Pour Kathleen Wynne, ses chances de se faire réélire ont probablement été vouées à l’échec dès l’instant où elle a décidé de vendre la majorité d’Hydro à des intérêts privés. Avant cette décision, Kathleen se représentait réellement comme la défenseure du secteur public, en particulier comparativement à la promesse électorale de 2014 de Tim Hudak, ancien chef du PC, d’éliminer 100 000 postes de fonctionnaires. Dès qu’elle a perdu sa marque de défenseure du secteur public, ses efforts subséquents pour reconquérir les électeurs progressistes par des augmentations au salaire minimum, des avancées en matière de garde d’enfants et des améliorations aux lois du travail ont été considérés par plusieurs de stratagèmes politiques cyniques. Ensuite, lorsque les néodémocrates d’Andrea Horwath ont présenté leur programme électoral avec de nouvelles mesures progressistes, la chance de Kathleen de récupérer des électeurs progressistes a été fortement minée et son sort était scellé. Tout ce qu’elle pouvait faire à ce moment, c’était d’essayer de sauver suffisamment de sièges pour conserver le statut de parti officiel pour les Libéraux à l’Assemblée législative.

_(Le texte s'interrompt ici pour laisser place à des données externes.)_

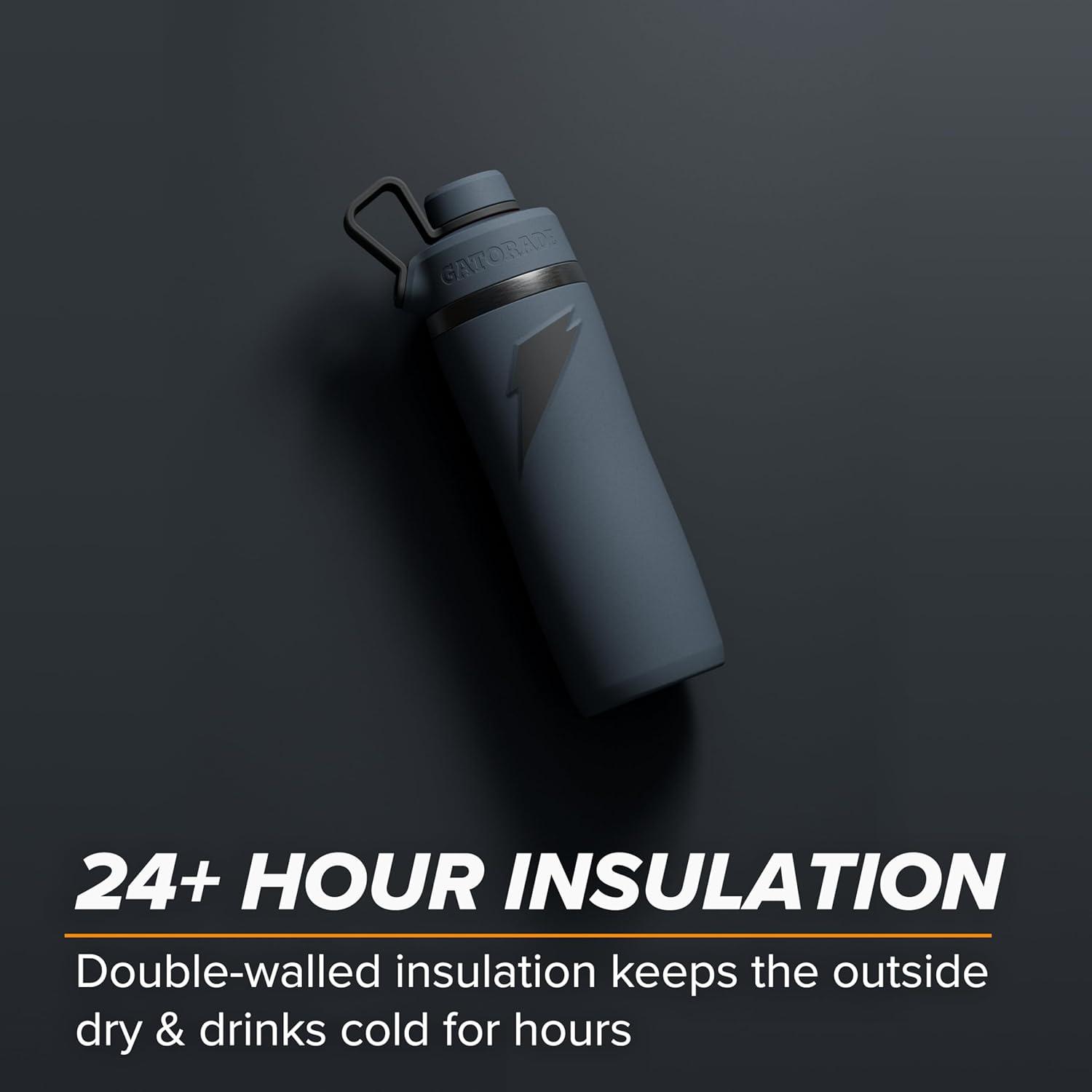 imageGatorade Overtime 32oz Stainless Steel Water Bottle Twist Cap WhiteGray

Quant à ce que nous réserve le gouvernement majoritaire de Doug Ford, malgré ses séances de photos mettant en valeur une équipe de direction, il est probable que Doug Ford aura tendance à mener seul. Sa carrière en affaires réaffirmera cette propension et, concrètement, le pouvoir dévolu au premier ministre par notre système parlementaire convient très bien à ce type de leader solitaire. À ceux qui pensent que la formalité et la notoriété du poste de premier ministre ou l’influence de ses conseillers atténueront le caractère de Doug Ford, il suffit de regarder Donald Trump pour constater à quel point le décorum perçu et les responsabilités très importantes de la présidence des États-Unis l’ont adouci. Nous devrions nous attendre du premier ministre Doug Ford qu’il pense et qu’il agisse comme le Doug Ford que nous avons appris à connaître.